╔══

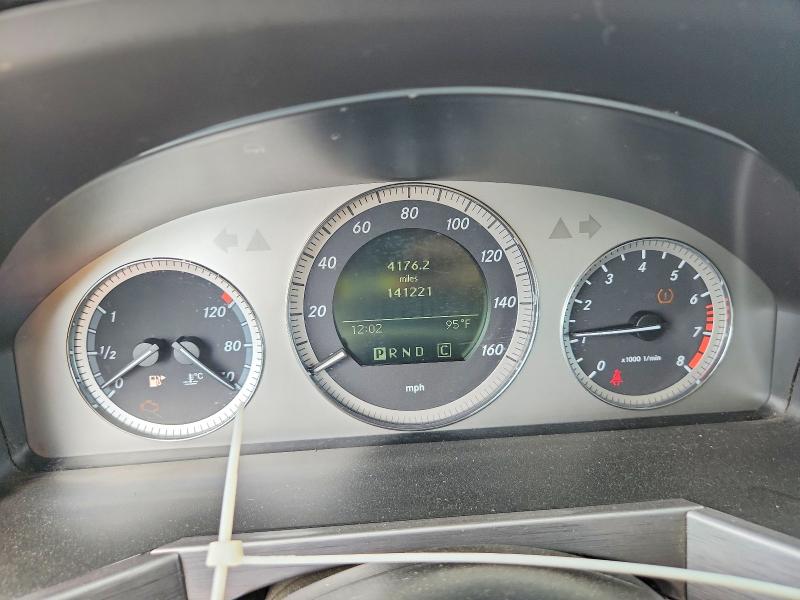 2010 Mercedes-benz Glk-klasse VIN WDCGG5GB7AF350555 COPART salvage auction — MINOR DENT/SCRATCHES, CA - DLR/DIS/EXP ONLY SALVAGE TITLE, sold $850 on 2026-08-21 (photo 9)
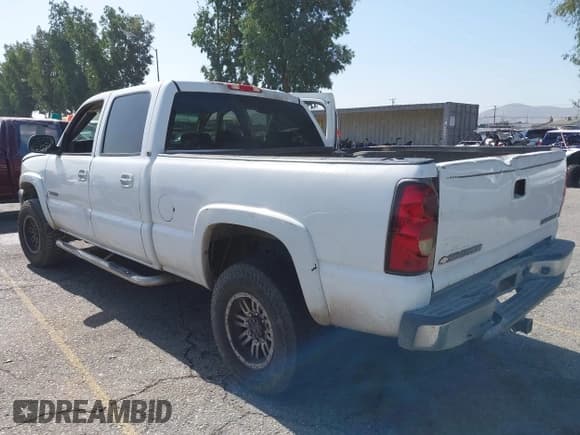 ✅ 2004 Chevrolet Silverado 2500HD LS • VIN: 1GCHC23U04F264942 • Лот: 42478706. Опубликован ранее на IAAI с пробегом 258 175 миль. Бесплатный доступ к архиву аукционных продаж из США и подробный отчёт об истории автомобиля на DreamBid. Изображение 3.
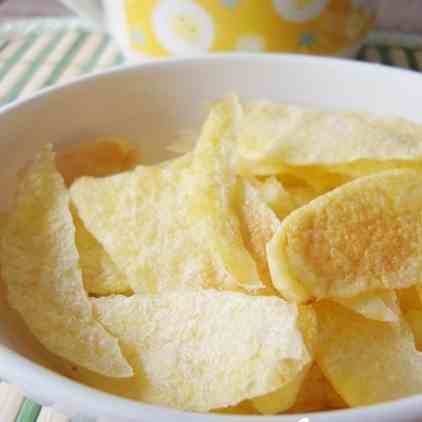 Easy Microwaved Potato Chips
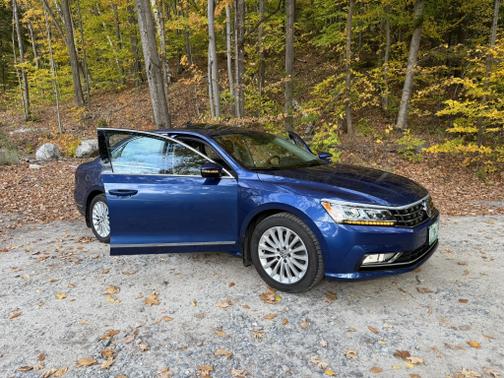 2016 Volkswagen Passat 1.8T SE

╚══
╔══

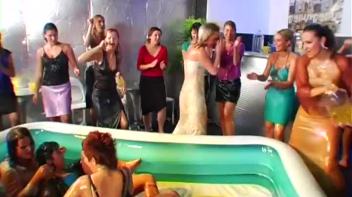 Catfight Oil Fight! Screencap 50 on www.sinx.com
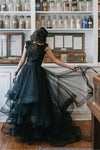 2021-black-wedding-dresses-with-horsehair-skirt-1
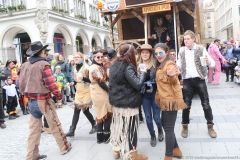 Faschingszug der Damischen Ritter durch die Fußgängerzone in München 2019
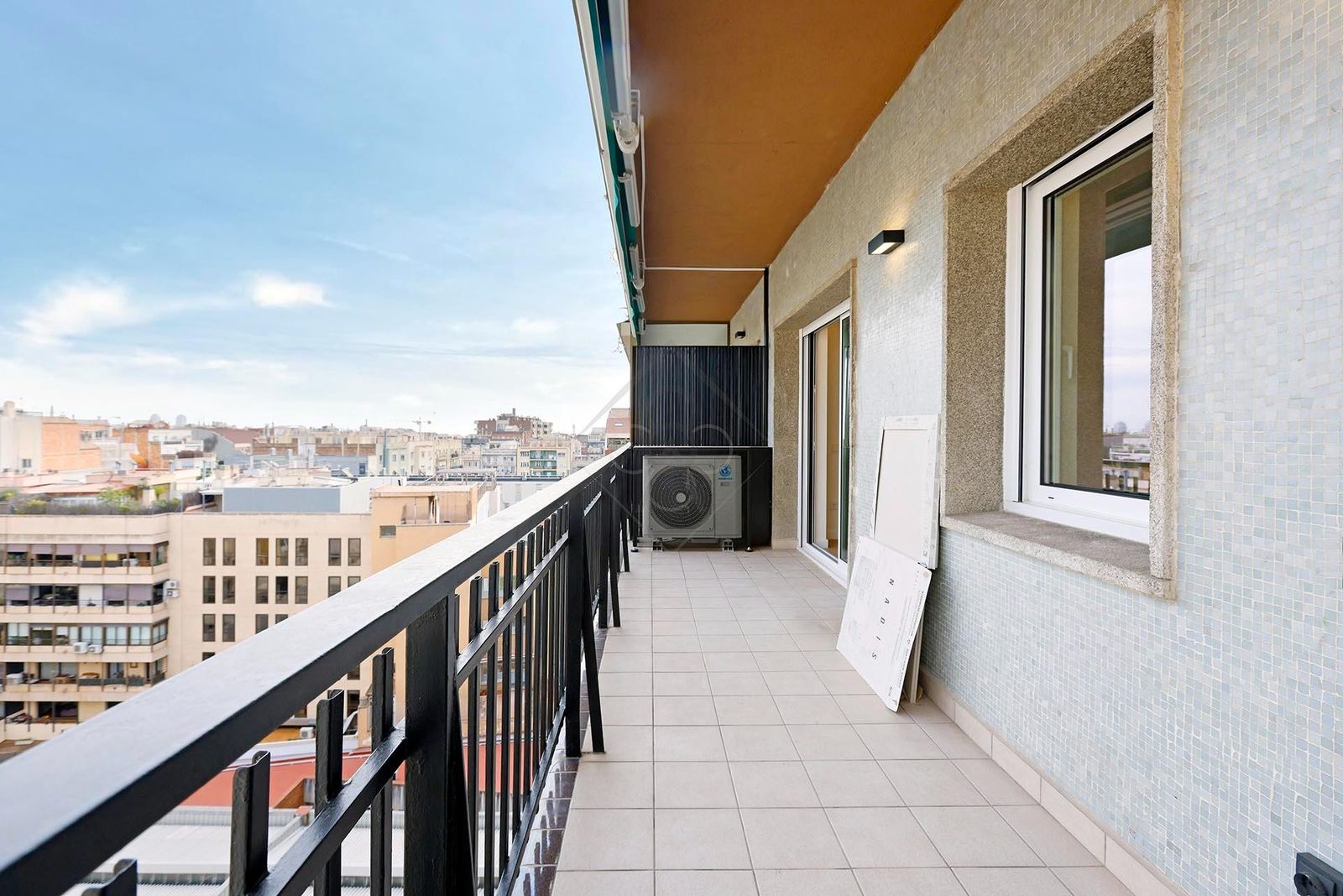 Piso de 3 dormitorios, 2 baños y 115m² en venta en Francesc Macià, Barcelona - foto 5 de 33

╚══

PROBLEM TO WORK ON:
For this exercise, reproduce exactly the lines of the records above from the one with "Easy Microwaved Potato Chips" up to and including the one with "2016 Volkswagen Passat 1.8T SE", without pictures.

ANSWER TO THIS EXERCISE:
 Easy Microwaved Potato Chips
 2016 Volkswagen Passat 1.8T SE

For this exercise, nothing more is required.